Each line of the data below between the one containing "ZIPPO ジッポー エヴァンゲリオン" and the one containing "Burberry Derby Oxfords Brown Leather", both included, is to be repeated exactly. Please omit pictures.

* EXTRACTED RECORDS
[Start of Attachment]
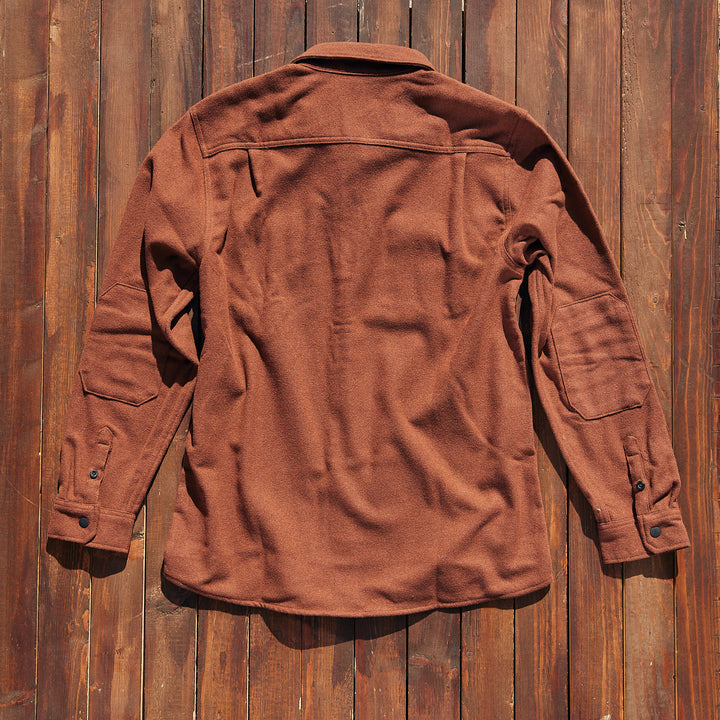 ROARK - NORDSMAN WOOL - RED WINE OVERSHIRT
[End of Attachment]
[Start of Attachment]
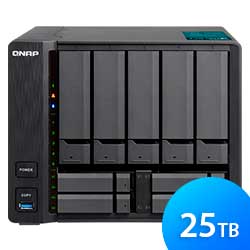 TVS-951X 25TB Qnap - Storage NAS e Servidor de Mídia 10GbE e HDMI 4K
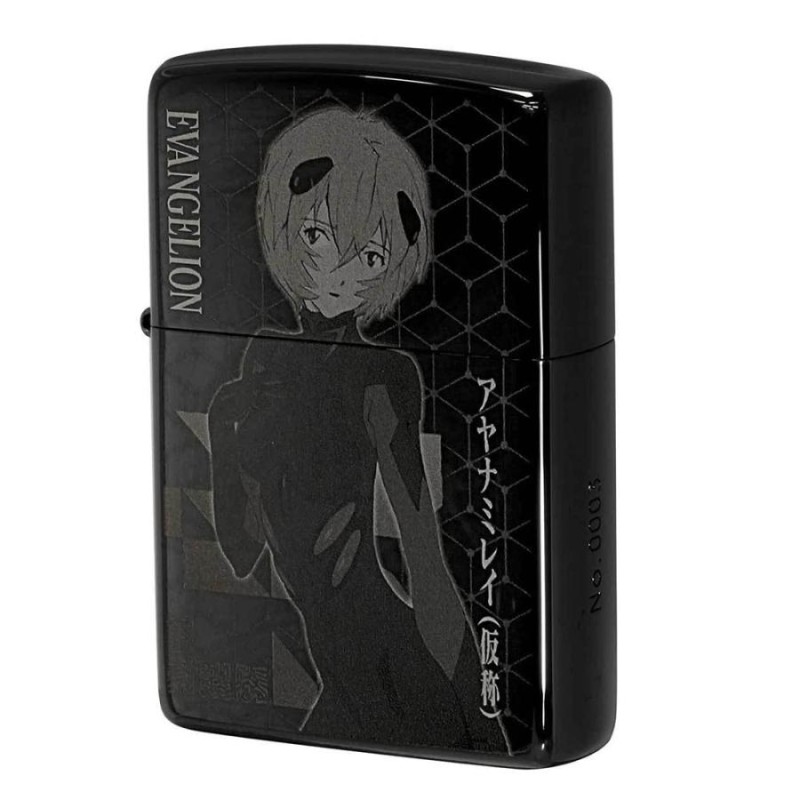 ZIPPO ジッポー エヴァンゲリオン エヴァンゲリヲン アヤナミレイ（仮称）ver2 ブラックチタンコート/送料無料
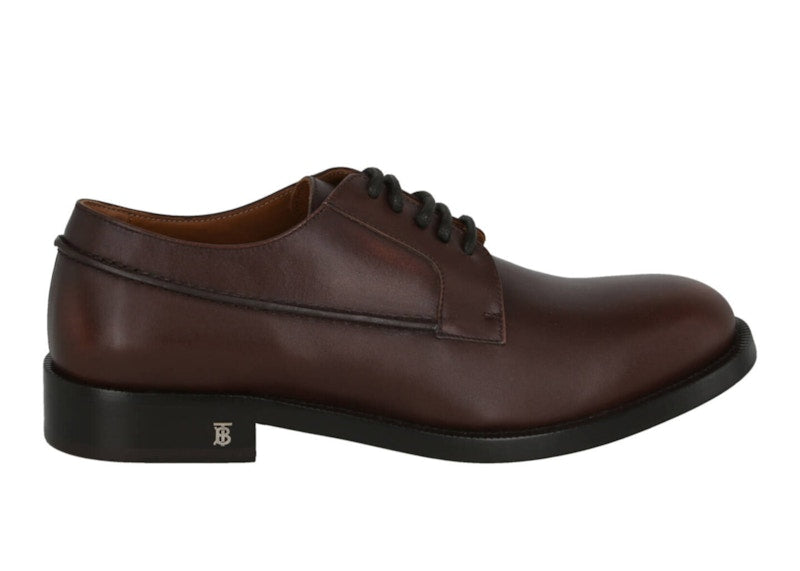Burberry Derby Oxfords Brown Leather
[End of Attachment]
[Start of Attachment]
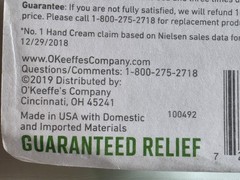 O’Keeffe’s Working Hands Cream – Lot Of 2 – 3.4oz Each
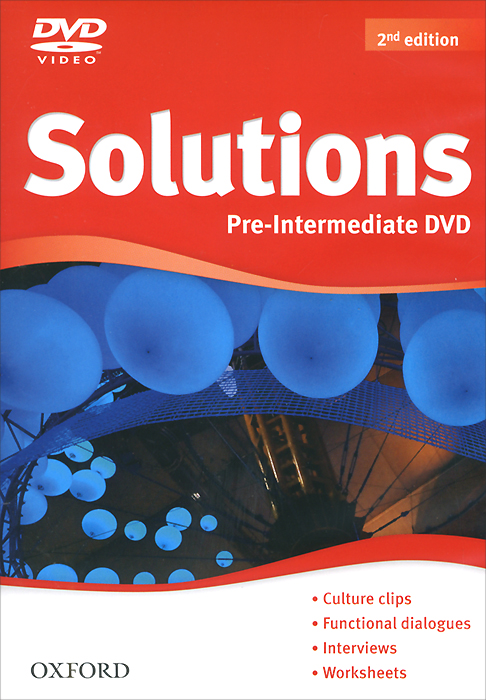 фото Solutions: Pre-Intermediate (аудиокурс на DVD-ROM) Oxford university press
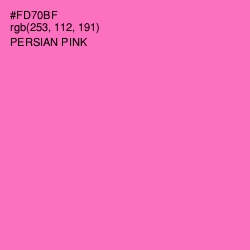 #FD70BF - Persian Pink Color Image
[End of Attachment]
* RESULT OF THIS EXERCISE
 ZIPPO ジッポー エヴァンゲリオン エヴァンゲリヲン アヤナミレイ（仮称）ver2 ブラックチタンコート/送料無料
Burberry Derby Oxfords Brown Leather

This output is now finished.